The Snug (which is on the Coombe just where it intersects with Francis Street) is one of those sites that seems as if it’s always been out of use, like all previous versions were wiped out of memory by its current status as a landmark of dereliction. It can’t really have been that long – at the very least, the seven-digit phone number dates it to after the early 1990s, especially since it’s not six-and-a-hurried-prefix.

It’s immediately appealing for being so small and so bright, with the windows making it look like a child’s drawing of the shopfront (the lack of a door or a letterbox or a number helps here too), maybe like last week’s shelters but for those who like playing salvage trader/pub decorator instead of playing house. At the very least, it’s nice to imagine microsubgenres of play, right?
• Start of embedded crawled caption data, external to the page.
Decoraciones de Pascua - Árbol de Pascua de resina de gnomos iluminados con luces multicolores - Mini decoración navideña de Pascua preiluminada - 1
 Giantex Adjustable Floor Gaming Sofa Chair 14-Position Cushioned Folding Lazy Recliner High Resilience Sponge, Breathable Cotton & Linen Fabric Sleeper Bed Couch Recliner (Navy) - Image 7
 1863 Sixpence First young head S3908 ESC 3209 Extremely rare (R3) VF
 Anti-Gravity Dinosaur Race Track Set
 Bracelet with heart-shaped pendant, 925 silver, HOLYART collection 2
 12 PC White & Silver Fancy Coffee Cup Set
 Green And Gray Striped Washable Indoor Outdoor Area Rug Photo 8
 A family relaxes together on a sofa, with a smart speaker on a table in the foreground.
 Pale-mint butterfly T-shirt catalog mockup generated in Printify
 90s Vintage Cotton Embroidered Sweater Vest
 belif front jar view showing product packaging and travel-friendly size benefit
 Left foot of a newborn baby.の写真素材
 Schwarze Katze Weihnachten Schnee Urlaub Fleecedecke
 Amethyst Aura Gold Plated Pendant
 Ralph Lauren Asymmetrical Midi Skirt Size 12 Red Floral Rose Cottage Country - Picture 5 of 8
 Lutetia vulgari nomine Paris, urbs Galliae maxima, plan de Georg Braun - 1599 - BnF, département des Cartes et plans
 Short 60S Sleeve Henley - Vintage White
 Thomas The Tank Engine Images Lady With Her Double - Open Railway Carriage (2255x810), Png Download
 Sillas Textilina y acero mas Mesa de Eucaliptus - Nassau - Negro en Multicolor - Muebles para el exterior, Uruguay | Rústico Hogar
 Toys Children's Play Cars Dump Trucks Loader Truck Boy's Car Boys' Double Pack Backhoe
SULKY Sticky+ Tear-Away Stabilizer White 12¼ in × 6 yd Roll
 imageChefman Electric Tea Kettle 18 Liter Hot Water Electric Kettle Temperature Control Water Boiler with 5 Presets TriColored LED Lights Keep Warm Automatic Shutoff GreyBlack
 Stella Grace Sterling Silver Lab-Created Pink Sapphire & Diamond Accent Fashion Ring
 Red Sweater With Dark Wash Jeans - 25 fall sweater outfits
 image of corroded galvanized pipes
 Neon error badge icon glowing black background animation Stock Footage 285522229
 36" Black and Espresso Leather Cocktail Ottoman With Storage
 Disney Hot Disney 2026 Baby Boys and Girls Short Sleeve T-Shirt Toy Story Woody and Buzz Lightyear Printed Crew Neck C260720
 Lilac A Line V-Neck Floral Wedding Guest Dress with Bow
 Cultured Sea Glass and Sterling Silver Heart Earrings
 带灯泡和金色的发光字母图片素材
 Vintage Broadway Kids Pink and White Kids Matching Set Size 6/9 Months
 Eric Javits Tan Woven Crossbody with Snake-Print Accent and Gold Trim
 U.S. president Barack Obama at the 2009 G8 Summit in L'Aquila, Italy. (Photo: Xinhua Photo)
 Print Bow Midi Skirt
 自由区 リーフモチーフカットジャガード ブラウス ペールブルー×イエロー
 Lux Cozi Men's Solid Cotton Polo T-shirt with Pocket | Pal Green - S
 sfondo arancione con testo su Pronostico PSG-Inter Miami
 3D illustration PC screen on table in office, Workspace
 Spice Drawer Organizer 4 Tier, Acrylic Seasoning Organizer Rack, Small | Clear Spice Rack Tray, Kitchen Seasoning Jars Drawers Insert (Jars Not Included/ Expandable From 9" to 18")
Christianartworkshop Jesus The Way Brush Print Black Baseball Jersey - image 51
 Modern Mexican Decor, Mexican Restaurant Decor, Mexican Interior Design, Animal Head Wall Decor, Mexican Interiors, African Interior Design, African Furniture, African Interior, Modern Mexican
Like the city’s other derelict points of interest, I’d love to see it put to active use: we can photograph the scraps and miss the ephemeral details that are gone, but it would be grim to see this unchanged in five or ten years. It’s set off by the ad to the right, an absurdly vacuous aspirational poster where a woman in lipgloss and presumably fancy sunglasses implores us to ‘REFLECT ON A GREAT NEW CITY LIFESTYLE’. (The lifestyle’s offering the revolutionary promise of living and working in the city, if you missed the brochure. Shop! Dine! Commute! Ooze style and quality!) As a pair, they’re a reminder of the number of sites that are available for (or paused during) development in Dublin 8.

The small chap sitting in the window is by French street artist Jef Aérosol, one of a number of pieces he did around The Coombe and Francis Street a few years ago. Aérosol’s photo shows how it looked pre-smashing. It’s called ‘Sitting Kid’ and is one of Aérosol’s trademark images (it’s even appeared on the Great Wall of China), and the red arrow to the left is Aérosol’s too.